═══ Listed entries ═══
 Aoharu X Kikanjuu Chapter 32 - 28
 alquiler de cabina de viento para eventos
═══
═══ Listed entries ═══
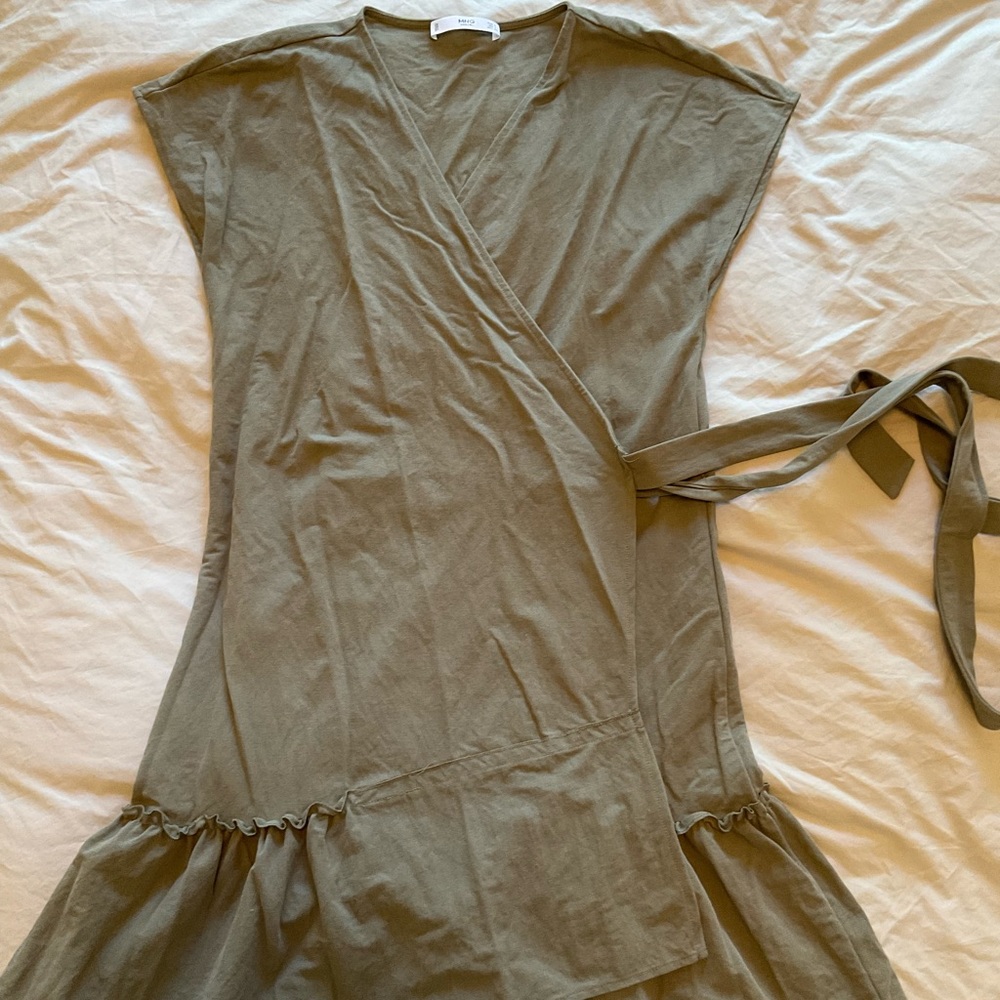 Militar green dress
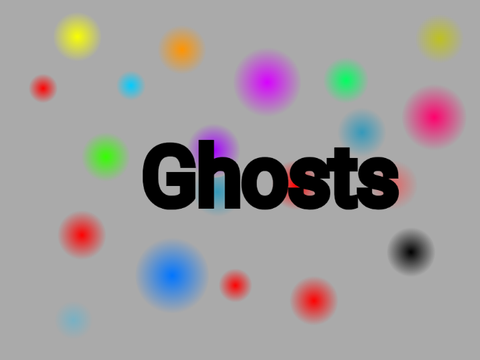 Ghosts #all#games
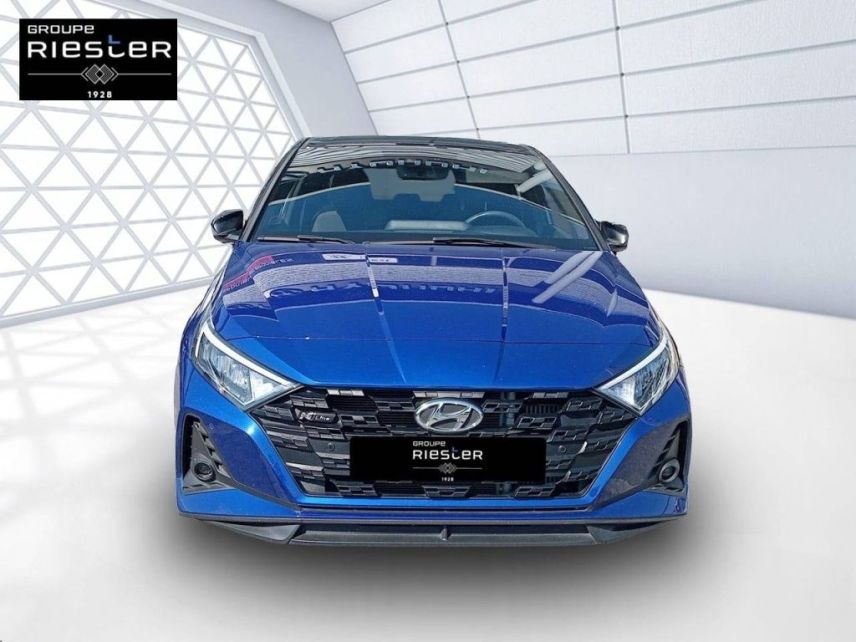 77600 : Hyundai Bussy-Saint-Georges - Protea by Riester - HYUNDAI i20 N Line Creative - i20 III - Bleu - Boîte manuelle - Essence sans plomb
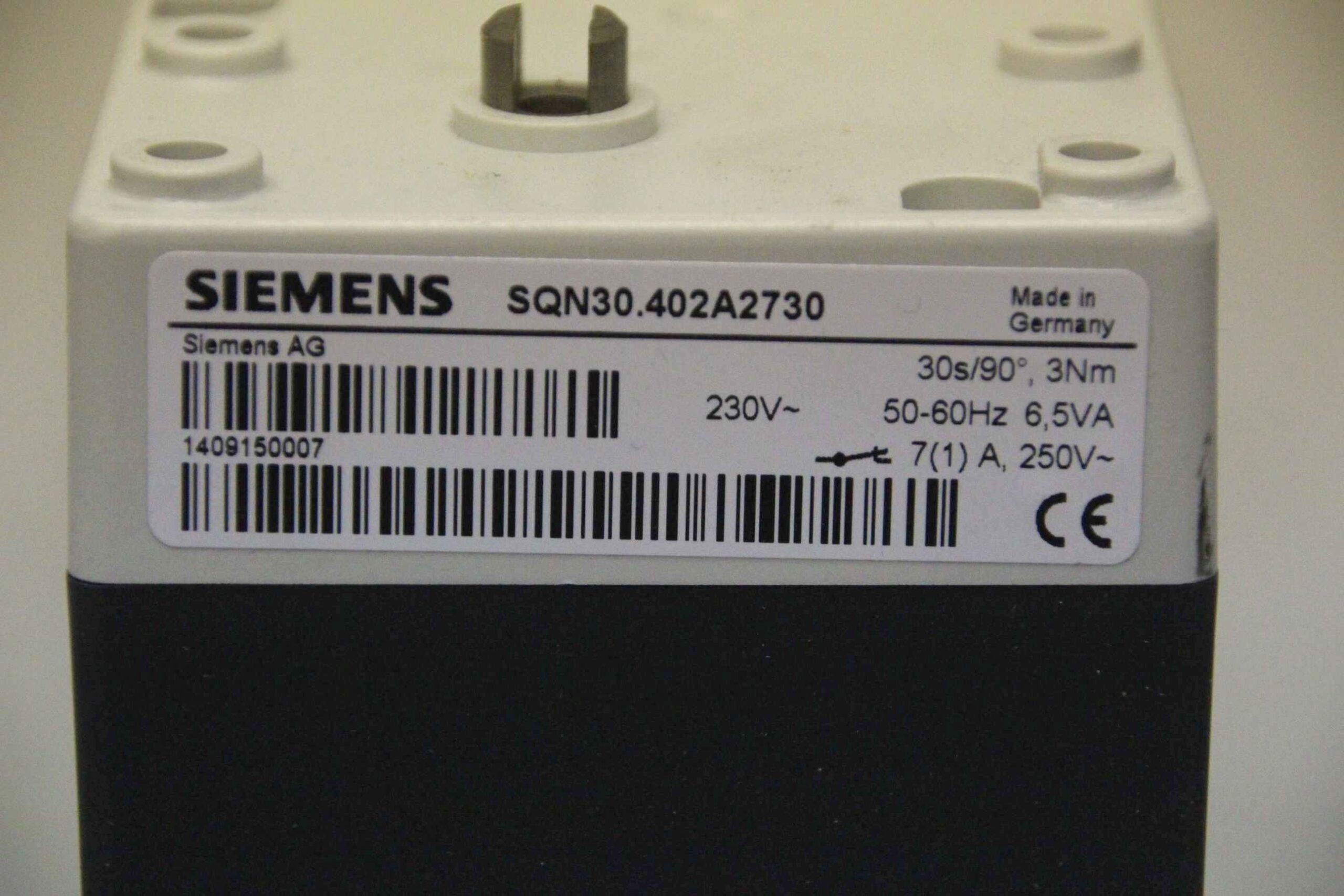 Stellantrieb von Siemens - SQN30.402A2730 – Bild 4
═══
What this task involves -
Retype word for word everything in the listing above from the line that holds "Aoharu X Kikanjuu Chapter 32 - 28" down to the line that holds "alquiler de cabina de viento para eventos". Keep both end lines and leave out the rest.

Exercise result -
 Aoharu X Kikanjuu Chapter 32 - 28
 alquiler de cabina de viento para eventos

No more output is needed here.